Brick City: A Home Away From Home
Written by Ellie Edwards
Photographed by Mindy Welland
Modeled by Ellie Edwards and Gracie Potter
When a person goes to college, they are often unsure of what exactly they are there for. Most times, your parents force you to go and, well, you’re only 18, so you have no idea what you want out of life. You are still just a kid, and no one knows anything about the real world until they are smacked in the face by it. College can be stressful freshman year because you are forced to choose one thing in life that suits you for a career forever…no pressure, right? When contemplating all of the different options, you’re going back and forth in your head, hearing your dad’s voice saying to do whatever makes you the most money, and get into a field that will give you financial success. Then, on the other end, you’re telling yourself, that’s not what I want, I want to be happy, to find a career I’m passionate about, who cares about money?! Well, honestly, that internal battle never really goes away. That’s just the way life goes. In my personal experience, I went the passionate route. I decided I wanted to pursue art, I was going to explore the different mediums and find where I belonged. However, choosing a major was only the beginning, now I have to get good at it. Good enough to get a career working in it?? That instills a whole new kind of fear in a person.

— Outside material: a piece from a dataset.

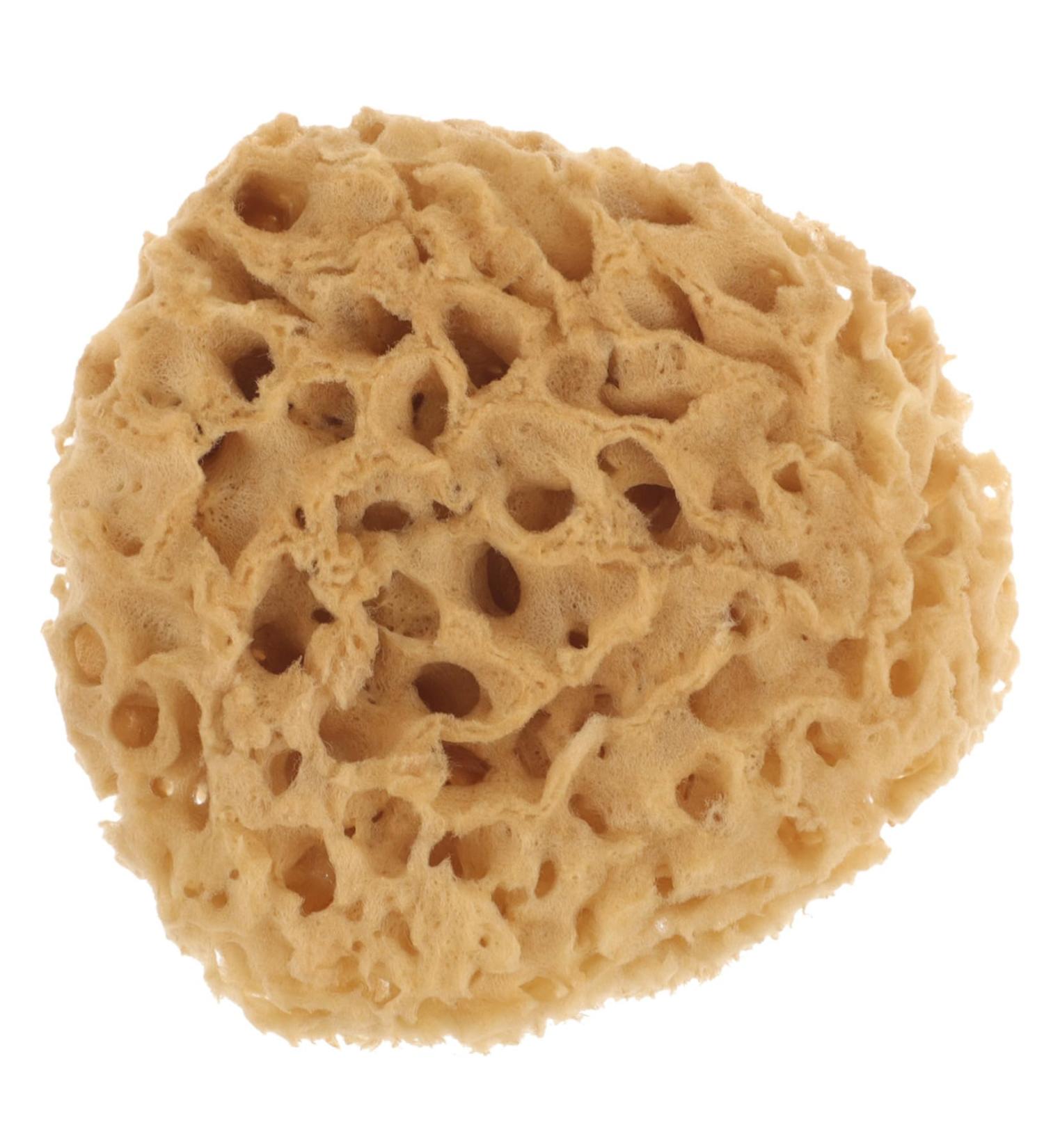 FRCOLOR Bath Shower Sponge - Exfoliating Back Scrubber & Bath Ball for Deep Skin Cleaning | International Shipping Available - Buy Online on GoSupps.com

So picture this, you’re getting ready for the first day of classes and notice you will be heading off campus, to a different campus, one called Brick City. Once you arrive, you come to a cluster of brick buildings right in the heart of Springfield, laid out in front of a set of train tracks. You certainly weren’t expecting to be traveling that far from the dorm on the first day. You realize the people around you are all there for the same purpose: this is the arts campus. How exciting, it’s so diverse and so playful, everybody there wants to express themselves through creativity. Fast forward to the end of the semester, you’ve spent countless hours at Brick City, logging who knows how much studio time. You register for the next semester’s classes and realize, I’m going to be here for a while.
Brick City is a place where undergraduate students studying to achieve degrees in The Arts come together. After spending years getting all too familiar with the buildings themselves, they begin to feel like a second home. Lunch between classes in he student lounge, 7 am cram sessions before your Art History exam, and even those rough weekend nights in the studio. This place gets to know you pretty well. And not only the place itself but the people within it have so much effect as well. The professors who spend their time pushing you to do better, giving you brutally honest feedback when you need it, and complementing you on your strengths simultaneously. You think you spend a lot of your time there? Try being them. These people spend their lives trying to train the artists of tomorrow, and in my experience, they are doing a wonderful job at it. I feel as though during my time at Brick City, I have come to appreciate and even befriend many of my professors, and I genuinely know I will take the advice they have given me with me throughout life. I think my classmates would agree. And I feel the same about them as well. I have watched my classmates grow and develop their skills as artists, and it has been such a pleasure. It is crazy to watch people grow. I still feel like a child. Yet I look around and somehow we’re adults.
Being able to make friends through your mutual love of art is such a lucky thing. Watching graduating seniors wrap up their portfolios and begin setting up for their senior exhibition makes me so excited to see where life takes them next. Looking back on time spent at Brick City, it feels like it passed in the blink of an eye, you look away for one second, and suddenly four years have passed, and you’re applying to jobs that come with a 401k. What a truly bittersweet feeling, I’m so grateful for my time spent here, for the friends I’ve made, and for the lessons I have learned along the way.